As it stands, Hong Kong has limited availability to fintech products, which is causing them to turn their attention to distributed ledger technology. The Hong Kong University of Science and Technology was the first to be given the funds towards blockchain technology advancement, specifically dealing with improving security measures. HKUST will be required to work with the Chinese University of Hong Kong (CUHK), the University of Hong Kong (HKU), and the City University of Hong Kong (CityU). Their budget is proposed as part of an annual budget, but it is unclear how long the country plans to continue the funding.
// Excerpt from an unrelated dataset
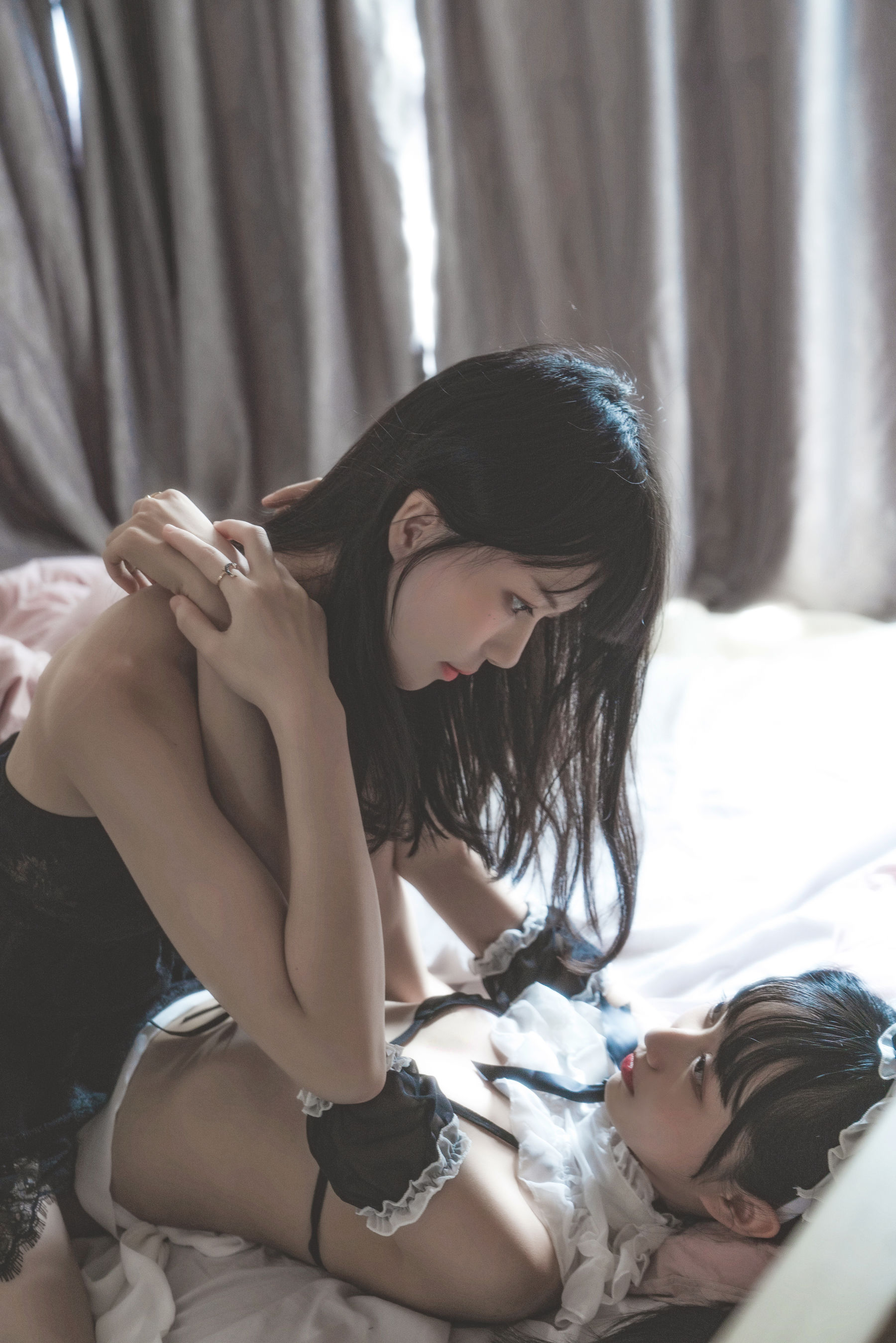 萌系小姐姐木绵绵OwO&#038;桜桃喵 暮(黑裙×妹抖) [48P]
The schools must commit to developing a detailed presentation on the transition into this new era of financial technology innovation. They will also be discussing the ongoing growth of blockchain and other applications of how the technology can be implemented.
To lead the research efforts, the government has assigned Tan Jiayin the role of overseeing interdisciplinary research efforts and will be managing the coordination between the institutions. Some consumers may be familiar with Jiayin already, due to his work with on a research effort called “Strengthening Hong Kong’s Strategic Position as a Regional and International Business Center. The project was a collaborative effort between eight different task forces, all of which sought to explore the boundary of blockchain technology, AI, and security on the networks. These concepts were meant to then be applied to the economy in Hong Kong.
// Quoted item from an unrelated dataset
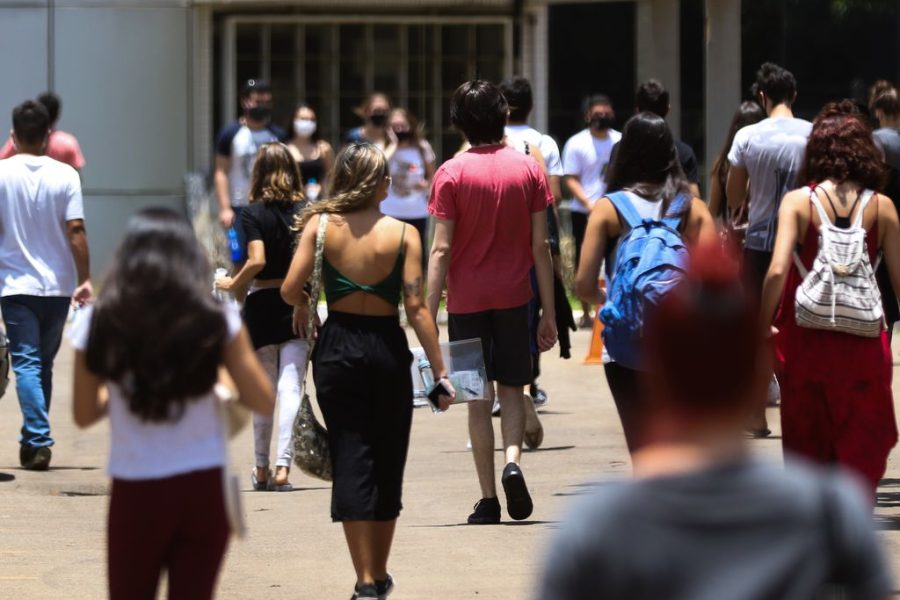 Estudantes de todo Brasil, fazem o segundo dia de prova do Enem (Exame Nacional do Ensino Médio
Jiayin, to broaden the perspectives in the research, offered an open invitation to banks in Hong Kong to become a part of the research that these universities are covering. It makes sense that they would be included because the grant accounts for the development of digital currencies and other distribution services for financial transactions.
Even though this decision is making headlines, it is hardly the first time that Hong Kong has dived into this type of venture. In fact, they already had revealed their intentions to bring in a financing system based around blockchain back in 2017. They even discussed the potential of the technology to reduce “human intervention and fraud.”
In June 2018, blockchain remittances were tested out between two retailers by Ant Financial, which is part of the Alibaba company. They managed to reduce transfer time to within three seconds of initiating it, which was big news for cross-border transactions. The following month, the Hong Kong Monetary Authority released a statement that they would launch a new partnership with 21 regional banks that would be the solution that blockchain trade finance needed.